Thursday, 8 October 2015
Yeah, you heard me. You were the one who challenged me to check out clearing. I snarked back (in that really annoying I'm-right-you're-wrong tone of voice) that of course clearing wasn't still open. It was September, and Freshers' started in less than a week.
I checked it out the next day (because I said I would) and of course it was still open. And we sat down, slightly stunned, and threw the idea of me being a fresher again into the air. I would be almost 6 years older than most of my coursemates. We'd decided to go for a quiet year, just to get used to this craziness called marriage, and suddenly there was an offer from Sunderland to study the degree I've always wanted (but never had the courage) to do.
You see, French was an easy option. There are so many writers already in the world, and it was a good, solid choice if I wanted to be 'marketable'. And I love languages. I love taking them apart and squishing them back together in fun ways, and I love that history can be traced by how we talk. Words offer hushed echoes of people and places we don't recall, who once upon a time stamped something of themselves onto their time. Language remembered them for us.
I was too scared to write "properly". We were supposed to have figured out what we were going to do at the tender age of almost-eighteen, and I remember sitting with my Mum on our sofa and bursting out that I had no idea which to choose. English? French? How was I ever going to make it as a writer? How could my voice ever be unique or interesting enough in a chorus as loud as the literary world? I would have to shout, I worried. And despite being a 'proper natterer' I have never been good at shouting. I can't even return a badly made hot drink.
So writing was my thing. It was the thing that I kept in a box, and brought out in certain situations or to certain people. It was so incredibly personal that the idea of sharing it, of putting it outside my little corner of the web and actually making it my job? That terrified me. It hit so close, so deep, that I ran as fast as I possibly could to the first 'marketable' idea I had, and I chose French.
I miss French. I miss Bristol. And yet, I am so utterly content and at peace in this tiny little university, on this small campus, in a way I never was in that city or that degree. I wanted to fit Bristol, so I squished myself into this 'idea', and wondered why I ached in certain places after a long time of a body and soul contorted to fit.
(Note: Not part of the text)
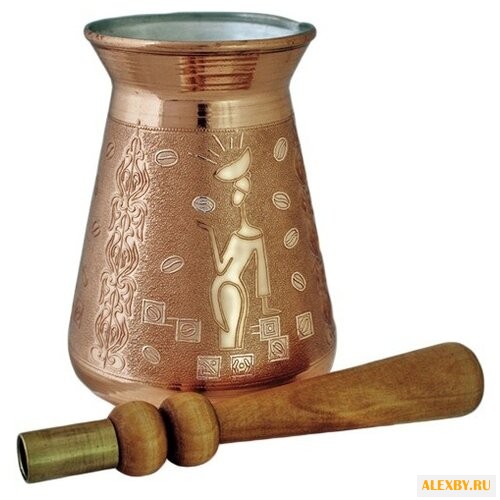 Турка TimA А-300сп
I live in Newcastle, in a little flat that smells of cigarette smoke despite the fact we took that massive sofa from the last tenants out. The North couldn't be more different from the South. It is busy in a different way: it is a rhythm rather than a buzz, and I love it. This ebb and flow that breathes life into art and history and people and music, in this no-nonsense cut-to-the-chase attitude that has stripped away my faffing and left me breathless.
There isn't really the space to say in four sentences what you could say in one (which still doesn't stop me, but I'm learning). There is a bareness that is beautiful, and incredibly rich. I have people who will tell me, to my face, if my writing is crap and when I need to start again.
I no longer want safe and pretty. I want real and raw, and if it is uncomfortable I will learn to embrace it (probably with a fair amount of whining which you're welcome to slap out of me), because living in a real way is surely the only way worth living.
I had this idea of myself. This fierce metropolitan woman who reviews theatre and discusses politics and explores little side streets and let's face it, is just pretty damn cool.
Well, when I meet people like that I'm always thrilled that they actually want to be friends with me. Because I am not cool. I tuck my pyjama bottoms into my socks. I make lists before I go food shopping. I watch house improvement programmes and laugh too loudly at my own jokes. I write down the exciting festivals in my diary and will more than likely forget to go, and we just built a shelf for the microwave to go on in our kitchen. I still beam proudly whenever I go past it.
I'm learning, slowly, that actually it's alright to be just me, as I am right now. That sounds like be-yourself rubbish, but I'm learning that it's exhausting and pointless to post this polished version of myself online and to other people. They'll love someone else.
So I'm a fresher. I'm a nearly 24-year-old who is basically the new girl at school. I'm a wife (that one still makes me feel weird but very very happy). I'm a rather amused slightly more-grown-up person who looks back at my 'I know everything' attitude and laughs, because I really feel like I know nothing at all.
But that's probably the best place to start. When we are empty, we can be filled up.